Women are the keystone in the American food system: they hold their own families together while simultaneously making up to 36% of the agricultural workforce in the U.S. While they play a vital role in harvesting the food on our plates, farm worker women are arguably the most exploited workers in this country, even more vulnerable than male farm workers. Females in the fields are often given the least desired, lowest-paying jobs, are the first to be laid off, receive fewer opportunities to advance, and face a culture of discrimination and machismo in the workplace. In this article, it explains how Machismo often contributes to unsafe situations for women.

Juana’s story shows the intersectionality of the obstacles facing women farm workers. In other words, female farm workers endure nearly all the issues male farm workers face, as well as some that are largely unique, such as sexual harassment, pregnancy and gender discrimination, and the extra responsibility of being the primary caregivers of children. Climate change is leading to the increased use of pesticides due to faster evaporation rates and more pests, putting women at even more risk of reproductive health problems and cancers. The pressure to provide for the family while making very low wages pushes women farm workers to work through breaks, putting them further at risk for heat stress related illnesses.

Farm worker children playing in the fields and living in close proximity to the fields are also at risk. Child labor laws include long lists of the “hazardous conditions” in which children under the age of 18 cannot work, yet exposure to high heat, pesticides and nicotine (uniquely from tobacco field work) are not on that list. Every day, around 38 children are injured doing farm work. And a child working in agriculture dies about every three days.

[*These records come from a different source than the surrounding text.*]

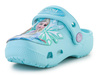 CROCS Fl Frozen II Kids Clog ICE BLUE 206804-4O9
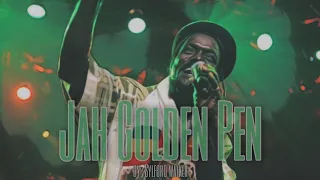 Sylford Walker - Jah Golden Pen (w/lyrics)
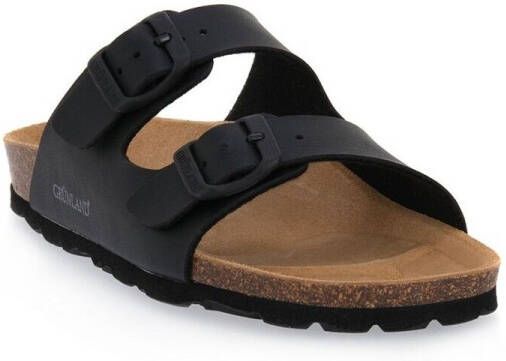 Grunland Teenslippers Nero 40LUCE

Physiologically, differences between adults and children place children at even more risk to heat related illness and the effects of pesticides. The Natural Resource Defense Council, in a 1998 report, determined that children are “disproportionately exposed to pesticides compared with adults due to their greater intake of food, water, and air per unit of body weight.” Yet, children are still being unnecessarily exposed to toxic pesticides, which can lead to psychological challenges as well.